====== Records to process
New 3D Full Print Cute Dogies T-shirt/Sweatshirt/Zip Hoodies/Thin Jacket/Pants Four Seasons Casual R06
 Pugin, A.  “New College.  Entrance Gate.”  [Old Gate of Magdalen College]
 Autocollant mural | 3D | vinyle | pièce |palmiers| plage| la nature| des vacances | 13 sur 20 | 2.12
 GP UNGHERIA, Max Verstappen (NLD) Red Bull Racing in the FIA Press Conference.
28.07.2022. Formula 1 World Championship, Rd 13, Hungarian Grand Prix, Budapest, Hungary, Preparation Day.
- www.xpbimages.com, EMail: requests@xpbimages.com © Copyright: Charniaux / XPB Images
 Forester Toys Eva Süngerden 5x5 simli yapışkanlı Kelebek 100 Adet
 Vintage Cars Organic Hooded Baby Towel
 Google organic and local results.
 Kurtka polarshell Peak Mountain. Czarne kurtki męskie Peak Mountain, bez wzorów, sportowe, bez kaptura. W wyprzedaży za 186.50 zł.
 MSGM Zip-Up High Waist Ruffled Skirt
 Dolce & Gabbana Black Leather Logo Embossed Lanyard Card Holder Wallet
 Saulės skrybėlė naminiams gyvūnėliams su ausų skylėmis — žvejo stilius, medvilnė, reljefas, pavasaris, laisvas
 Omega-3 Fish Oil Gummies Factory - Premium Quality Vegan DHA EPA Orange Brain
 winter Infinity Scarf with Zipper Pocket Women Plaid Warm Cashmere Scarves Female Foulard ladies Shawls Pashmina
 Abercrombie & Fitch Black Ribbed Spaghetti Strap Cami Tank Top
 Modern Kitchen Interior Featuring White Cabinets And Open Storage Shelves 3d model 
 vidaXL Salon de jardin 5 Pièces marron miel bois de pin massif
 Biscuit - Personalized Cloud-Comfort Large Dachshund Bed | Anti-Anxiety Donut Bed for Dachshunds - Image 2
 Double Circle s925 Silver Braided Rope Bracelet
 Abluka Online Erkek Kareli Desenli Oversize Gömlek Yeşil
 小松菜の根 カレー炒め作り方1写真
============
# Activity
Copy every line that includes the string "Black" from the material above.

# Written answer
 Dolce & Gabbana Black Leather Logo Embossed Lanyard Card Holder Wallet
 Abercrombie & Fitch Black Ribbed Spaghetti Strap Cami Tank Top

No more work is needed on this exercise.